Kohei Araki believes that a dictionary is a ship that carries people across a sea of words, guiding them through darkness to knowledge of how to express their thoughts accurately. “Without dictionaries,” he says, “all any of us could do is linger before the vastness of the deep.” Immersion in the task of creating this vast volume enables the individuals involved to emerge from their personal dark waters of loneliness, cynicism and low self-confidence to find love, friendship and a new sense of purpose in life.
This moral progression was the weaker element of the book for me. It felt rather predictable and safe, lacking a real sense of drama. I enjoyed much more the detail of how a dictionary is created, particularly one that is intended to be a definitive guide to every interpretation and nuance of a word.
We learn a lot about the processes involved: finding experts to write explanations and histories of key words; cross-checking each entry and choosing the paper. Too thick and the dictionary will be too heavy to handle but if the paper is too thin, text from one page will show through on another. And then there’s the challenge of fitting all those words into one book. At one point Majime tells an assistant that most dictionaries skimp on words towards the end of the vocabulary:
By the time they get to words starting with ra and wa the publication date is near, and its a battle for time. Words get left out because there isn’t enough help to do the checking or space to squeeze in one more on the page.
I’ve never noticed this myself but I’m now going to have to check.
This is a good choice of a book for anyone who has a love of words and language, since it includes many conversations between team members as they wrestle with some of their entries.
All this detail about dictionary production processes, paper quality the precise meaning of words, might sound rather dull but these passages about are frequently enlivened by humour. So for example, Mitsuya can reel off multiple meanings of the word “ai” (used to denote love) yet it takes him several hours to write a letter to tell his landlady’s niece he finds her attractive. He’s such a misfit that we can’t help rooting for him, willing him on to succeed and bring The Great Passage to life.
The Great Passage by Shiona Miura: Footnotes
The Great Passage was published in Japan in 2011 under the title of Fune wo amu (Knitting the Boat). It became a film in 2013 and was entered into the Best Foreign Language Film category at the Academy Awards but failed to get a nomination. The English translation by Juliet Winters Carpenter was published by Amazon Crossing in 2017.
Shion Miura started an online book-review column before she graduated from university. In 2000 her debut Kakuto suru mono ni mar (A Passing Grade for Those Who Fight), was published, a novel based in part on her own experiences during her job hunt.
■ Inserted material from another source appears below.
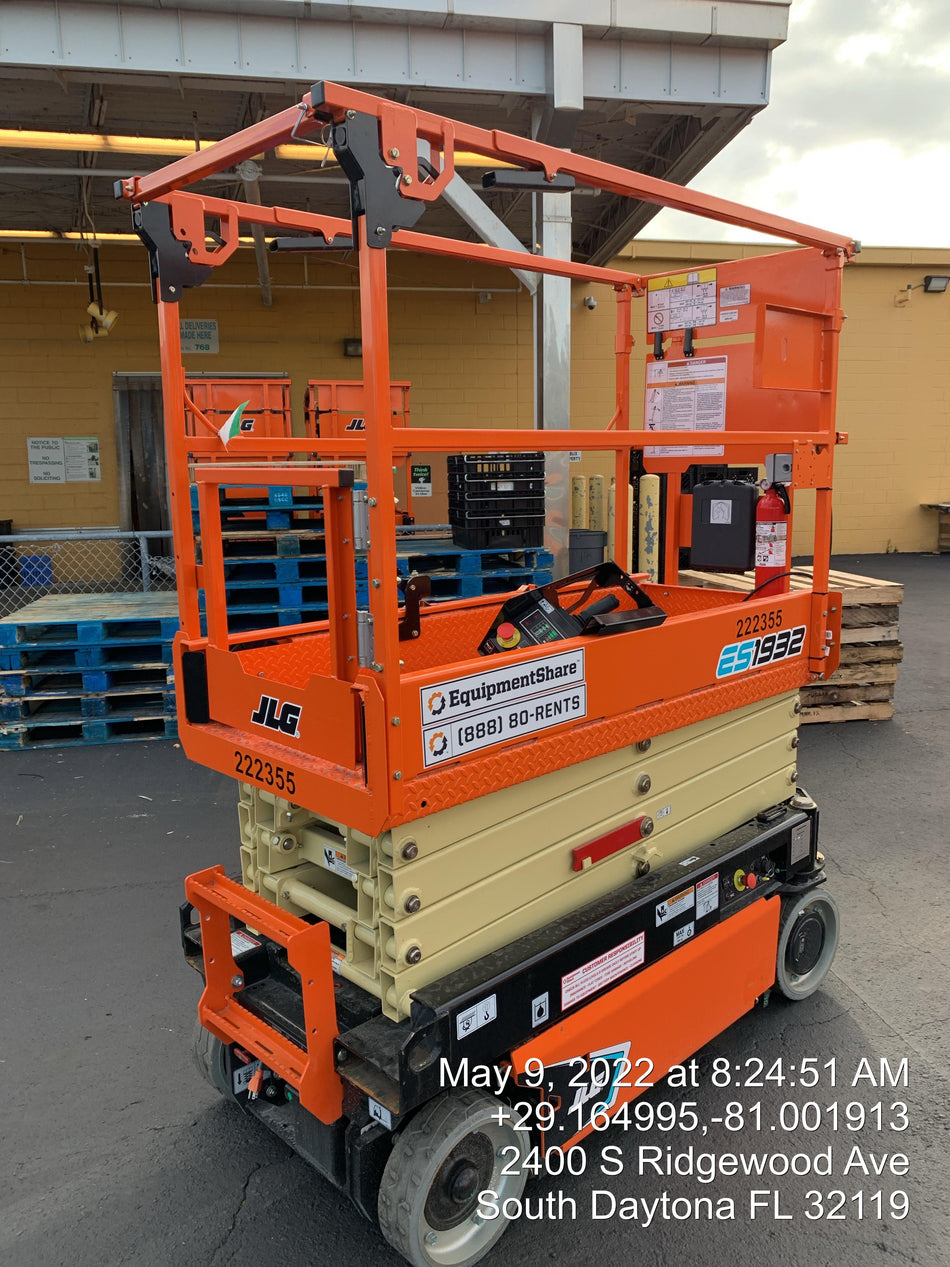 2022 JLG ES1932
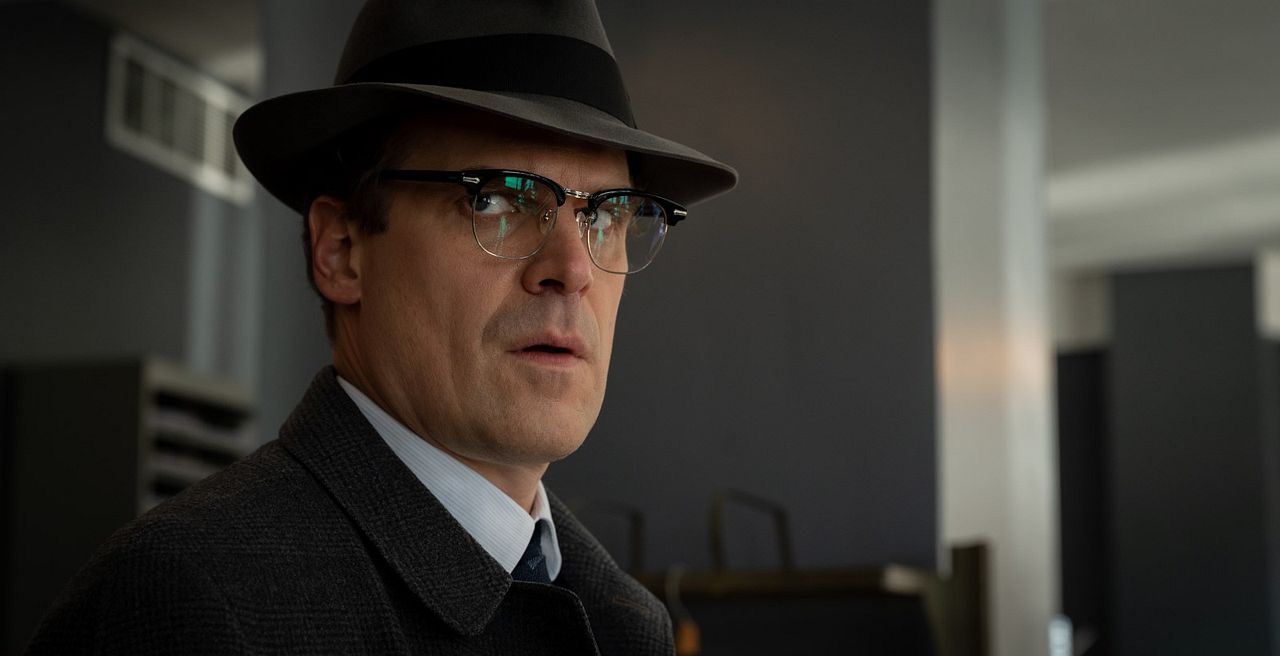 Ni un paso en falso : Foto David Harbour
She has published thirteen novels and more than fifteen collections of essays.
Juliet Winters Carpenter attended the Inter-University Center for Japanese Language Studies in Tokyo. Her first translated book was Kobo Abe’s Mikkai (Secret Rendezvous). Carpenter’s other translations—more than fifty—include nearly every genre of fiction and nonfiction, as well as film subtitles and song lyrics. A professor at Doshisha Women’s College of Liberal Arts in Kyoto, Carpenter has lived in Japan since 1975.
I read The Great Passage as part of Dolce Bellezza’s Japanese Literature Challenge 14. You can learn more about the challenge, which runs from 1 January to 31 March 2021, here. It also counts towards a #TBR21 project which is an attempt to tackle my mountain of unread books by reading 21 books from my TBR by the end of 2021.